Cow Behavior Analysis with YOLO + Vision Transformer

GitHub Repository: https://github.com/robin-ede/cow-behavior-analysis

A complete machine learning pipeline for automated cow behavior classification using computer vision. This project combines YOLO object detection with Vision Transformer (ViT) classification to analyze cow behaviors in video footage.

📋 Project Overview

This repository implements an end-to-end system for:

Cow Detection: Using YOLOv8 to detect and localize cows in video frames
Behavior Classification: Using fine-tuned Vision Transformer to classify 5 cow behaviors
Pipeline Integration: Complete workflow from raw video to annotated behavior analysis

Key Results

Detection: YOLOv8 nano model trained on 25K+ cow bounding boxes
Classification: 92.6% accuracy on 5-class behavior classification
Pipeline: Real-time video processing with frame-by-frame analysis

🗂️ Repository Structure

cow-sam/
├── 01_bbox_crops.ipynb           # Step 1: Extract crops from VIA annotations
├── 02_yolo_oneclass_from_via.ipynb  # Step 2: Train YOLO cow detector
├── 05_vit_behavior_classifier.ipynb # Step 3: Train ViT behavior classifier
├── 06_cow_detection_and_behavior_pipeline.ipynb # Step 4: End-to-end pipeline
├── README.md                     # This file
├── data/
│   ├── CBVD-5.csv               # VIA annotation file (25K+ annotations)
│   ├── labelframes/
│   │   └── labelframes/         # Video frame images (download required)
│   └── videos/
│       └── videos/              # Raw video files (download required)
├── models/
│   └── cow-behavior-vit/        # Trained ViT classifier (included)
├── workdir/
│   ├── crops_raw/               # Extracted behavior crops by class (generated)
│   └── yolo_cow_oneclass/       # YOLO training dataset (generated)
├── runs/                        # Training outputs and model weights (generated)
├── yolo11n.pt                   # Pre-trained YOLO weights (download required)
└── yolov8n.pt                   # Pre-trained YOLO weights (download required)

📊 Dataset Information

CBVD-5 Dataset (from Kaggle):

Total Annotations: 25,324 bounding box annotations
Video Sequences: 537 unique video IDs
Behaviors: 5 classes with the following distribution:
- Stand: 8,272 (32.7%)
- Rumination: 6,079 (24.0%)
- Foraging: 5,711 (22.6%)
- Lying down: 4,518 (17.8%)
- Drinking water: 744 (2.9%)

Annotation Format: VIA (VGG Image Annotator) CSV format with spatial coordinates and behavior metadata.

🚨 Dataset Setup Required

Important: The large dataset files (~6GB) are excluded from this repository via .gitignore.

📋 Manual Setup Required

Download the CBVD-5 dataset from Kaggle

Extract the directories from the downloaded zip file and place them in your data/ folder:

Extract the entire videos/ directory → place in data/ (preserving nested structure)
Extract the entire labelframes/ directory → place in data/ (preserving nested structure)
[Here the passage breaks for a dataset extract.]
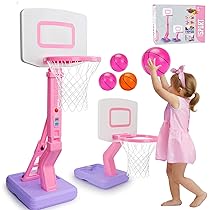 VidaXL Canasta De Baloncesto Infantil Con Altura Ajustable (90-115 Cm), Base Estable, Pelota Incluida, Para Interior Y Exterior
Correct structure after extraction:

cow-sam/
├── data/
│   ├── CBVD-5.csv          # ✅ Included (small metadata file)
│   ├── videos/
│   │   └── videos/         # ✅ Nested structure from dataset
│   │       ├── video1.mp4
│   │       ├── video2.mp4
│   │       └── ...         # (~3.3GB, 687 total videos)
│   └── labelframes/
│       └── labelframes/    # ✅ Nested structure from dataset
│           ├── image1.jpg
│           ├── subfolder/
│           └── ...         # (~2.7GB, 4,122 total images)
└── yolo*.pt                # ❌ Download YOLO weights separately

YOLO pre-trained weights will be downloaded automatically when running the training notebooks.

The trained models in models/ directory are included as they're much smaller and represent the key research outputs.

🚀 Notebook Execution Order

Prerequisites

pip install ultralytics opencv-python numpy matplotlib scikit-learn pandas tqdm
pip install torch transformers datasets evaluate

Step-by-Step Execution

1. `01_bbox_crops.ipynb` - Extract Behavior Crops (START HERE!)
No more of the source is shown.